Civil Appeal Nos. 1360-61 of 1981 are directed against
judgment dated October 21, 1981 passed by the Division Bench
of Madras High Court in Tax Case Nos. 743-744 of 1977
arising out of Reference Nos. 495-496 of 1977. Civil Appeal
No. 1705 of 1980 is directed against judgment dated November
12, 1986 passed by the Division Bench of Madras High Court
in Tax Case Petition No. 367 of 1986. It may be stated here
that the Tax Case Petition No. 367 of 1986 was disposed of
by the High Court following its judgment passed by the
Madras High Court in the said Tax Case Nos. 743-744 of 1977.

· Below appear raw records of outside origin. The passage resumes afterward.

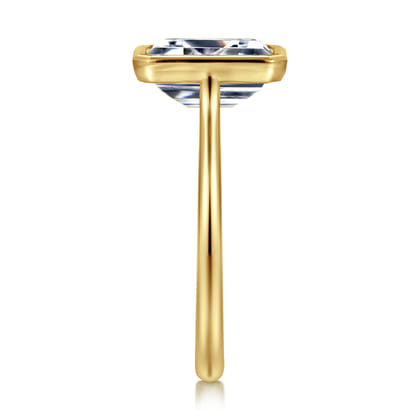 Brooke - 14K Yellow Gold Emerald Cut Bezel Set Solitaire Diamond Engagement Ring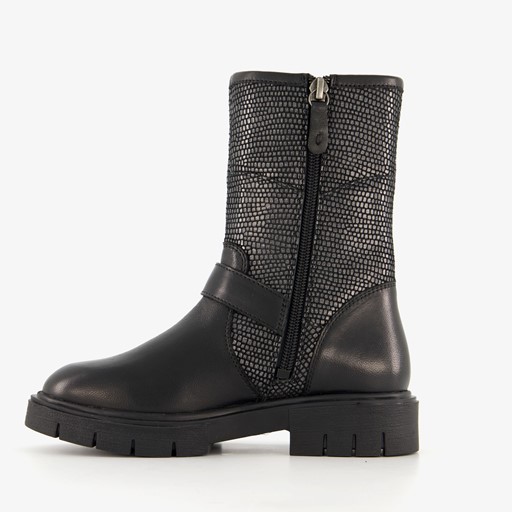Leren meisjes biker boots zwart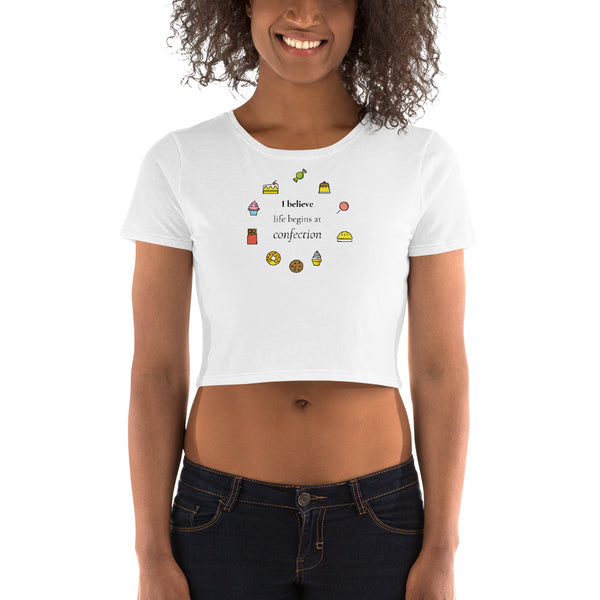 Life Begins at Confection - Women’s Printed Crop Tee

It will, therefore, be appropriate to refer to the relevant
facts relating to Tax Case Nos. 743-744 of 1977 which were
disposed of by the Madras High court on October 21, 1981.
Tax Case Nos. 743-744 of 1977 arose out of the
reference made under Section 286 (1) of the Income Tax Act,
1961. The reference before the High Court raised a short
question about the computation of capital under Rule 3 of
the Schedule II of the Companies (Profits) Surtax Act, 1964.
The origin of the Companies (Profits) Surtax Act, 1964 may
be traced back to the Surtax Act, 1940, which was enacted
for the purpose of moping up unreasonable and extra profits
earned in the business during the second world war. Later
on, Super Profits Tax Act, 1963, and the Companies (Profits)
Surtax Act, 1964, were enacted for similar purpose. The
rationale behind these Acts is that any profit over and
above the reasonable profit expected in the commercial and
productive activities would be taxed at a special rate.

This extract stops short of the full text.